Srinagar, like every Indian city, appears to take a perverse pride in the ugliness of its shopping malls, the absence of town planning, its ambivalence towards its inheritance and its unwavering resolve to leave as much of its garbage as possible on its streets. Jitender and I arrive on the Friday of the Eid-ul-Adha holidays, and after checking in at the redoubtable Ahdoos, a transplant from a paperback Cold War thriller, we make downtown for the Jama Masjid. Few people are out on the gelid streets. Apart that is, of course, from the soldiers, who still cover this city like lichen on a rock, huddled together in moss-green knots or peering out from their sandbag-and-tarpaulin shelters.

Jama Masjid

The dun-coloured Jama Masjid is the pre-eminent example of the Kashmiri mosque, an indigenous, entirely original hybrid of Islamic, Hindu and Buddhist styles distinguished by its tall spires and its use of wood and bricks rather than marble. Inside, the masjid is unadorned (the frayed carpets, stone alcoves and windows have borne the brunt of the largesse shown to the local pigeons), though spectacle is provided by the 40-foot high wooden columns, well over 300 of them, that supports the roof.
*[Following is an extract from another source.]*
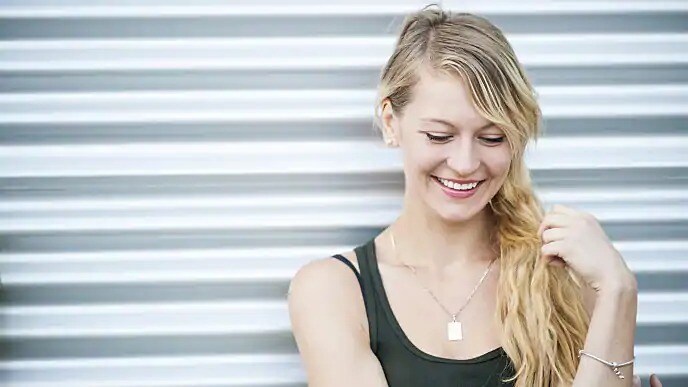 Mujer con dientes blancos sonriendo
The history of the masjid, writes R.C. Kak in Ancient Monuments of Kashmir, is a singularly chequered one. Its original conception and erection are ascribed to Sikandar But-shikan... said to have laid its foundation in A.D. 1398. The mosque burnt down three times and was rebuilt most famously by Aurangzeb in 1674, who, Kak reports, when he heard that fire had gutted the mosque, first asked whether the chinars were safe. Even now there are chinars in the courtyard, though it is winter and they are twisted stumps, holding dollops of snow in their gnarled palms. I pad out in my socks to the courtyard -- it is beautiful and desolate, the trees bare, the paths empty, and framed against a window is the bobbing head of a lone worshipper.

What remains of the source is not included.